A spinal hemorrhage is bleeding that occurs in or around the spinal cord. Because the spinal canal is a confined space, this event can create pressure on the cord, disrupting its ability to send and receive nerve signals. Even a small amount of blood can have significant effects. Understanding this condition involves recognizing its causes, symptoms, and required medical responses.
Causes and Risk Factors
The causes of a spinal hemorrhage are either traumatic or non-traumatic. Traumatic injuries from events like car accidents or falls are the most common source, damaging blood vessels and forming a blood clot (hematoma). Non-traumatic hemorrhages are often linked to underlying medical conditions.
Vascular abnormalities, such as arteriovenous malformations (AVMs) where arteries and veins are abnormally connected, can rupture and bleed. Spinal tumors can also cause hemorrhage, as can certain medical procedures like lumbar punctures or the placement of epidural catheters.
Several factors increase the risk of a spinal hemorrhage. Anticoagulant medications (blood thinners) interfere with the body’s clotting process. Underlying bleeding disorders, such as hemophilia, also predispose a person to spontaneous bleeding, while uncontrolled high blood pressure can weaken blood vessel walls.
Identifying Symptoms
The symptoms of a spinal hemorrhage often appear suddenly. A primary symptom is the abrupt onset of intense, localized pain in the back or neck, which can radiate into the arms or legs, a condition known as radicular pain. The specific combination of symptoms is directly related to the location and size of the hemorrhage.
Neurological deficits are a common consequence of the pressure exerted by the hematoma. Motor symptoms can range from muscle weakness to complete paralysis.
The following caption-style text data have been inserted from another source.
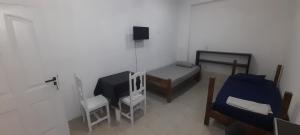 a small room with a bed and a table and chairs at Avenida colon in Santiago del Estero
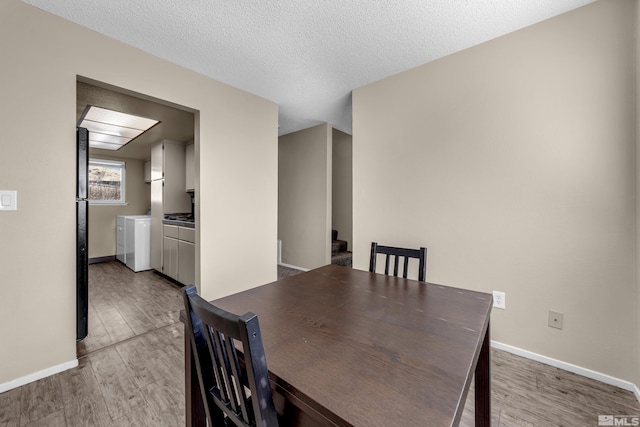 unfurnished dining area with a textured ceiling, independent washer and dryer, and light hardwood / wood-style floors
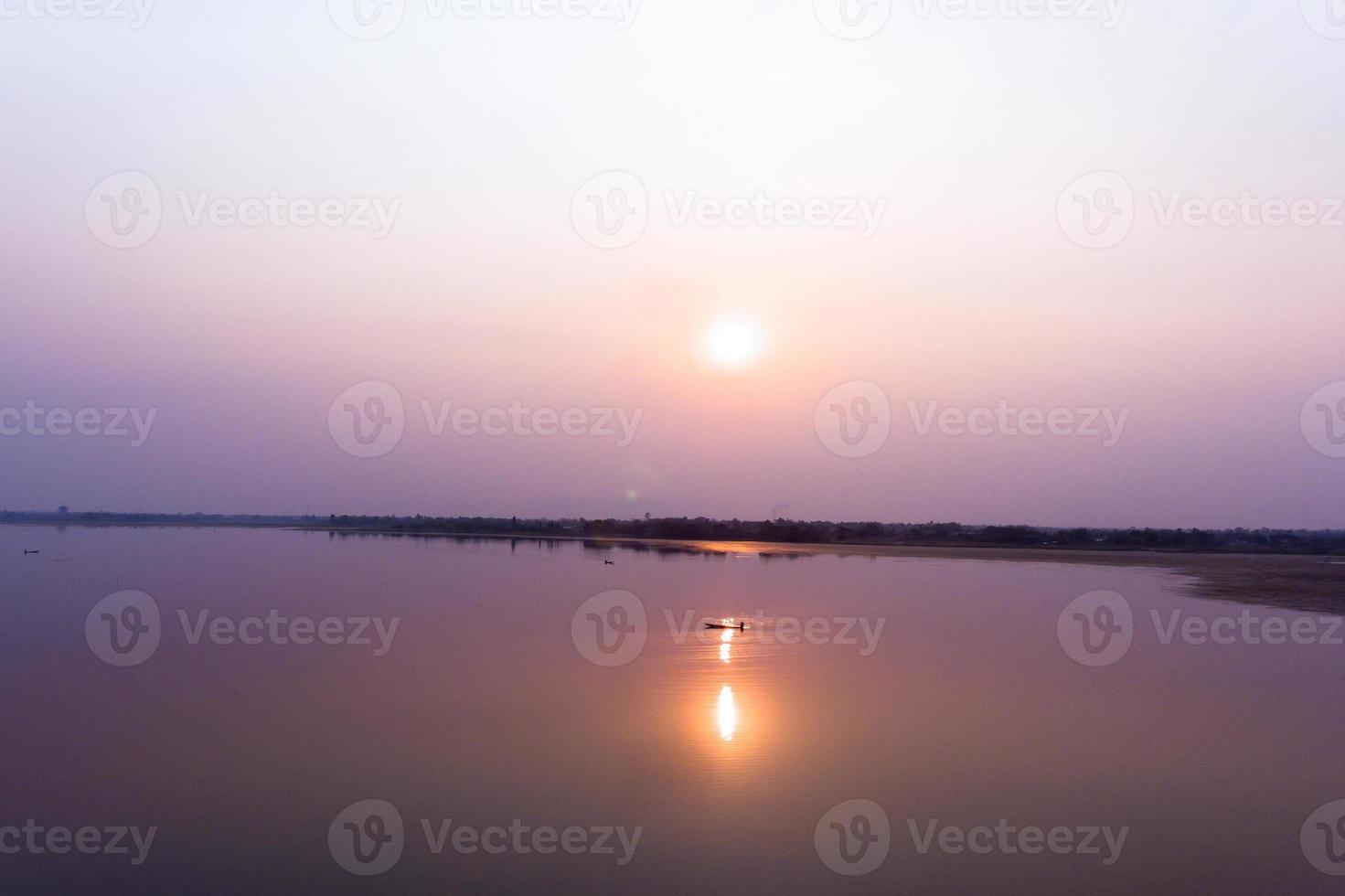 small fishing boat in larg dam photo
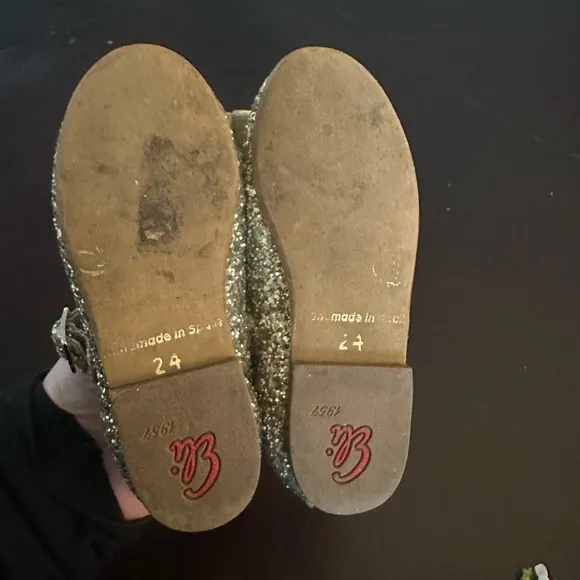 Eli1957 papanatas shoes with gold glitter and bow.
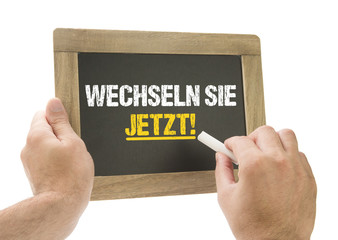 Wechseln Sie Jetzt! Hand schreibt auf Kreidetafel
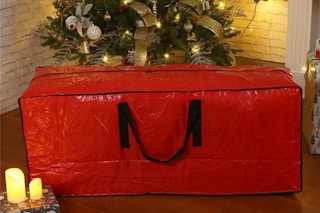 A red storage bag has a Christmas tree behind it.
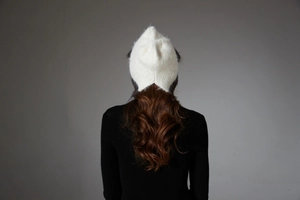 Detail of white faux fur knit hat showing plush texture and cat ear silhouette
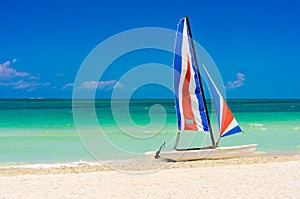 Colorful sailing boat in a cuban beach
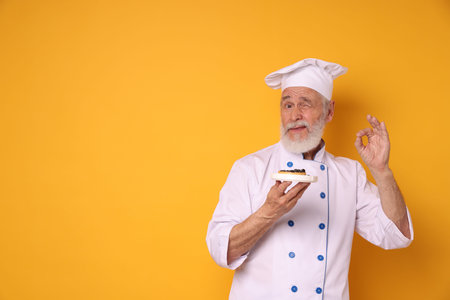 Professional pastry chef with tart showing ok gesture on orange background, space for textの写真素材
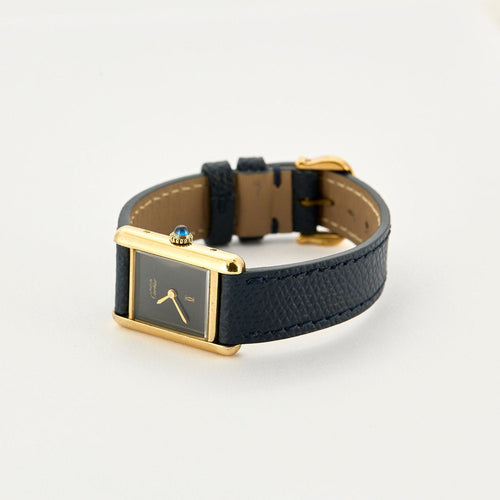 Montre CARTIER - Montre Modèle Tank Must en argent plaqué or, cadran laqué noir 58 Facettes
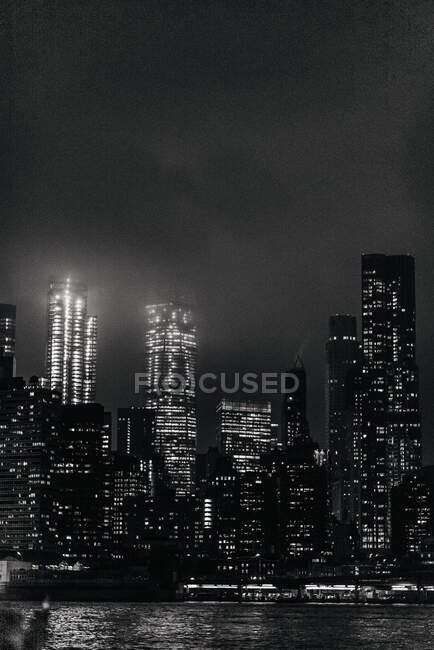 Complesso in bianco e nero di moderni skyline illuminati a Manhattan situato di fronte a un fiume calmo durante la notte — Foto stock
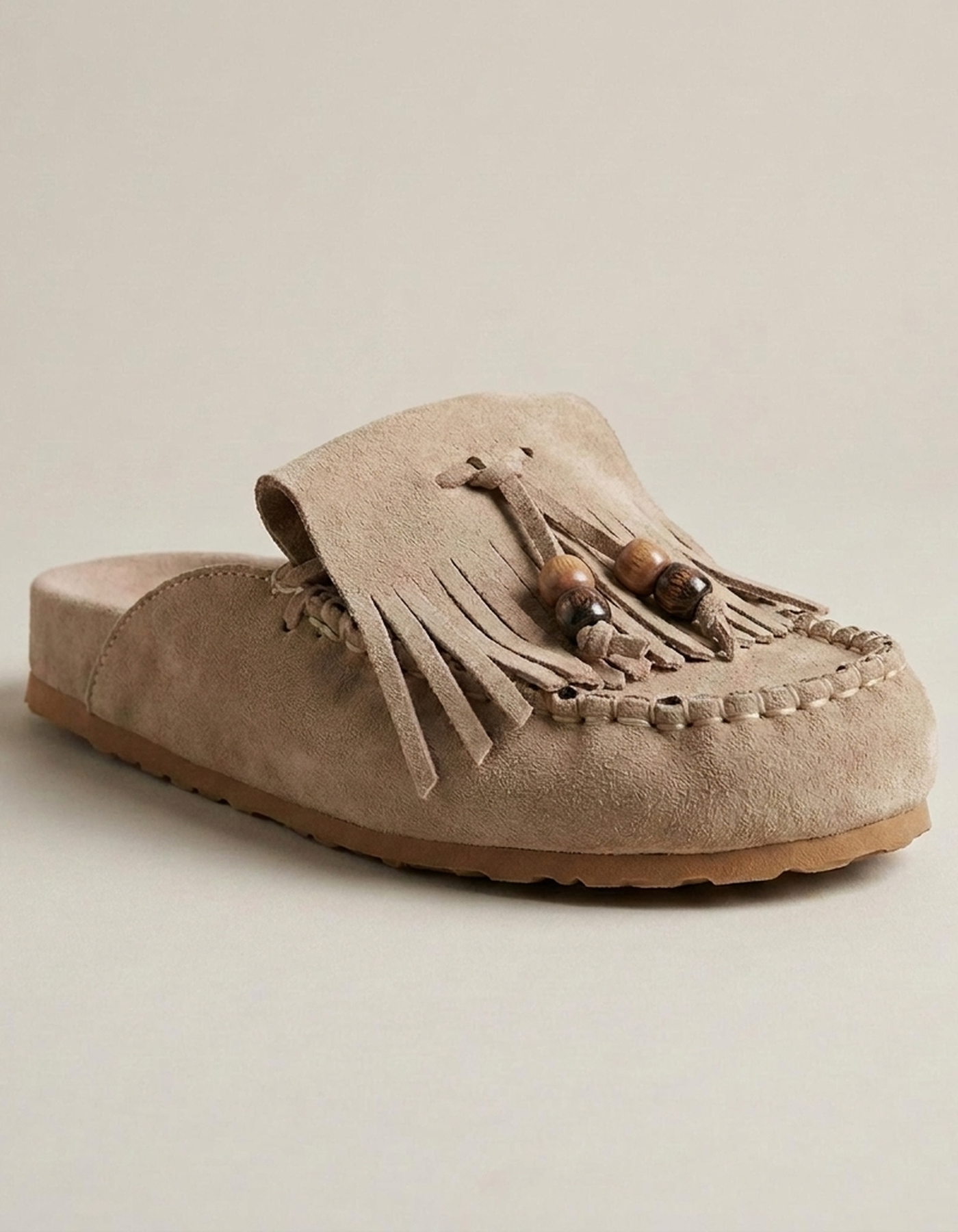 PLUXSTYLE::numise::joan-open-back-taupe-mules::closeup-detail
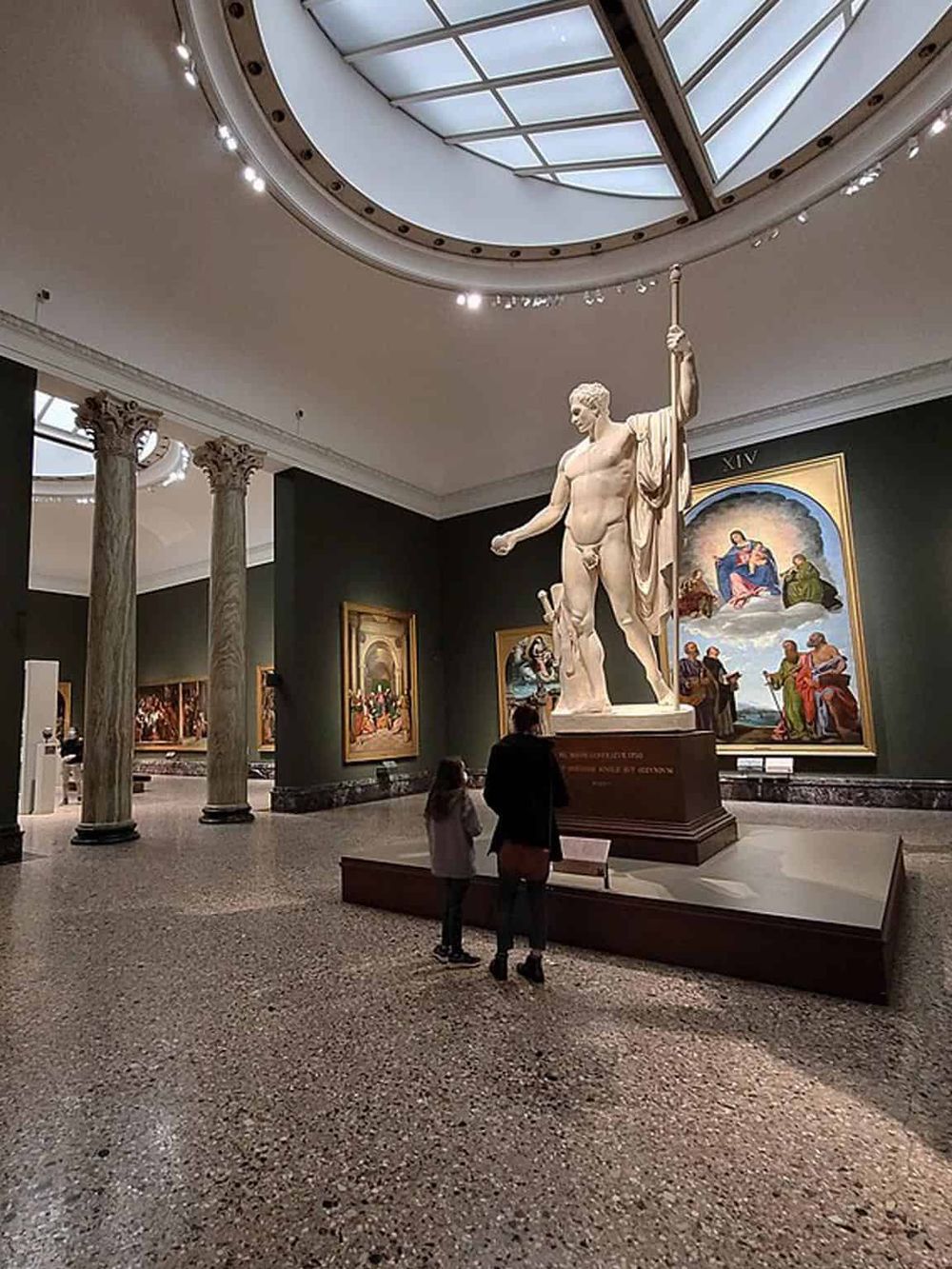 Ancient Greek sculpture in museum interior with classical columns and artwork, showcasing historical art.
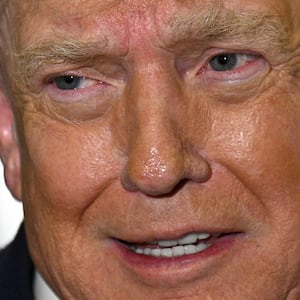 US President Donald Trump speaks with reporters aboard Air Force One on his way back to Washington, DC, on January 4, 2026. President Trump is returning to DC after spending the holidays at his Mar-a-Lago residence in Palm Beach, Florida. (Photo by Jim WATSON / AFP via Getty Images)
Sensory changes are also frequent, including numbness, tingling, or a loss of feeling.
A loss of bowel or bladder control indicates significant spinal cord compression. Bleeding in the cervical (neck) region will affect the arms and legs, while a bleed in the lumbar (lower back) area primarily impacts the legs.
The Diagnostic Process
Diagnosing a spinal hemorrhage begins with a clinical evaluation. A physician performs a detailed neurological exam to assess muscle strength, sensation, and reflexes and reviews the patient’s medical history. This initial assessment helps pinpoint the location and severity of the injury.
Imaging studies are required to confirm the presence of a hemorrhage and identify its precise location and size. Magnetic Resonance Imaging (MRI) is the most effective diagnostic tool, using powerful magnets and radio waves to create detailed images of the spinal cord, surrounding soft tissues, and any collected blood.
In situations where an MRI is not available, a Computed Tomography (CT) scan may be used. A CT scan uses X-rays to create cross-sectional images of the spine and can detect blood, though it is less detailed than an MRI for visualizing the cord itself. Sometimes, a CT myelogram, which involves injecting contrast dye into the spinal canal before the scan, is performed to enhance the images.
Treatment Approaches
The primary goal of treatment for a spinal hemorrhage is to relieve pressure on the spinal cord as quickly as possible to prevent permanent damage, and it is often considered a medical emergency. The course of action depends on the bleed’s size and cause and the severity of neurological symptoms.
Surgical intervention is frequently the main treatment for significant spinal cord compression. A common procedure is an emergency decompressive laminectomy, where a surgeon removes a portion of the vertebral bone called the lamina. This creates more space, allowing the surgeon to evacuate the blood clot.
Alongside surgery, medical management is employed. If the patient is on anticoagulant medications, these are stopped, and reversal agents may be administered. Blood pressure is also carefully controlled to reduce the risk of further bleeding without compromising blood flow to the injured spinal cord.
Recovery and Prognosis
The long-term outlook following a spinal hemorrhage is variable. A person’s prognosis depends on the severity of their initial symptoms and the speed with which they receive treatment. Early intervention to decompress the spinal cord improves the chances of a favorable outcome.
Rehabilitation is a key part of the recovery process. Physical therapy is initiated to help patients regain muscle strength, improve mobility, and restore balance. Occupational therapy focuses on helping individuals relearn the skills needed for daily activities, such as dressing and bathing.
The intensity and duration of rehabilitation are tailored to each patient’s needs. Potential long-term outcomes range from a full recovery to permanent neurological issues, including chronic pain, persistent muscle weakness, or paralysis. Complications such as sexual dysfunction or lasting problems with bowel and bladder control can also occur.